To me it seemed a little heavy on the “prep school kids treat each other badly and have tragic outcome” which had absolutely no relationship to my life. OTOH I loved Jane Austin and Dostoevsky (wrote about Crime and Punishment for the AP exam). I found it much easier to read and a million times more interesting than slogging through Thomas Hardy (were we the only ones who had to read Hardy?), although we did pass the time singing:
Hey Jude, don’t be obscure
Take a bad book and make it better
I’ve been trying to catch up on books that I think I should have read but never did. Still haven’t got to To Kill a Mockingbird and Catcher in the Rye although they’ve been sitting on my bookshelf for ages.
Nope. Had to read him for AP English. Almost made me give up on the whole “literacy” thing altogether.
Another who had to study Hardy in high school here, though we didn’t do Tess. As I recall, it was The Mayor of Casterbridge for us. And Catcher in the Rye–we did that one too.
Same here, I think there are just too many “classics” to cover them all.
Here’s what I can remember reading (combo of memory off the top of my head and looking through a list of usual required reading books in high school):
Romeo and Juliet
Much Ado About Nothing
Macbeth
Hamlet
Jane Eyre
Madame Bovary
The Scarlet Letter
The Great Gatsby
Heart of Darkness
Huckleberry Finn
To Kill a Mockingbird
Inherit the Wind
The Catcher in the Rye
Animal Farm
1984
Of Mice and Men
Great Expectations
Beowulf
The Canterbury Tales
A Separate Peace
Crime and Punishment
Our Town
A good mix of good, interesting books, and some absolute dreck that I wish we had never covered (seriously, fuck A Separate Peace). Kinda sad we never read some stuff like Dante’s Inferno or the Odyssey, but, suppose I can always do that myself…
Hey Spoons.
I don’t think I’m THAT much younger than you, but in Ontario I never learned any of your quoted authors in high school. Shakespeare was about as … sophisticated as we got.
I know some Dickens, but mainly because of movies.
We performed Of Mice and Men, Our Town and Inherit the Wind as our fall plays in drama class. We covered the abridged versions of Inferno, the Odyssey and unabridged The Great Gatsby and The Old Man and the Sea in middle school.
A couple more that came to mind are Great Expectations and Les Miserables, neither of which I truly liked.
I don’t know about literature, but they definitely don’t learn how to spell or use decent grammar.

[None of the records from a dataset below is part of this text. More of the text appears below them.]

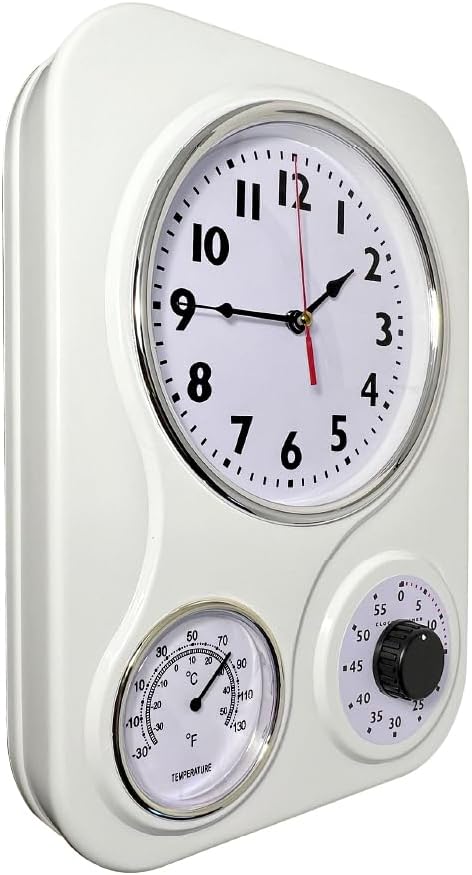 Lily's Home - 9.5 Inch x 12.5 Inch - Retro Kitchen Wall Clock, Vintage Wall Clock with a Thermometer and 60-Minute Timer, Ideal for Any Kitchen, Office, or Diner (White)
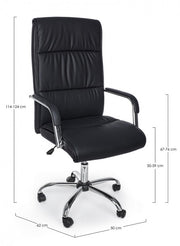 Fauteuil de bureau Queensland avec accoudoirs en éco-cuir noir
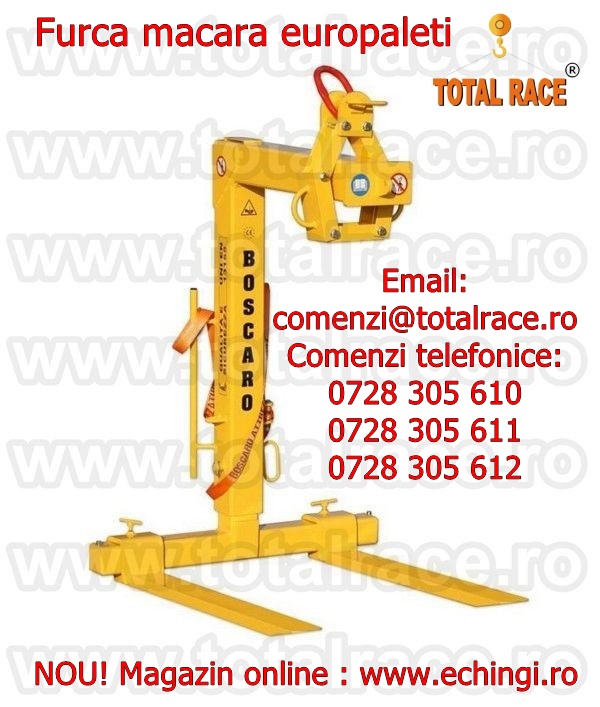 Furca ridicat paleti, carlige rotative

The young guys I work with almost exclusively use an apostrophe to form plurals (the finest example being box’s for boxes) and never put the -ed on when using past participles (e.g., “This material has been inspect”). Spelling errors like heavey, rotoray, and* hieghth* abound. If they really know they can’t spell something, they come and ask me. It’s amazing how many times that happens. Even our guys from Vietnam and Cambodia spell better than the American kids.
It’s a good thing this thread isn’t about mathematical ability, because that’s what’s really pitiful.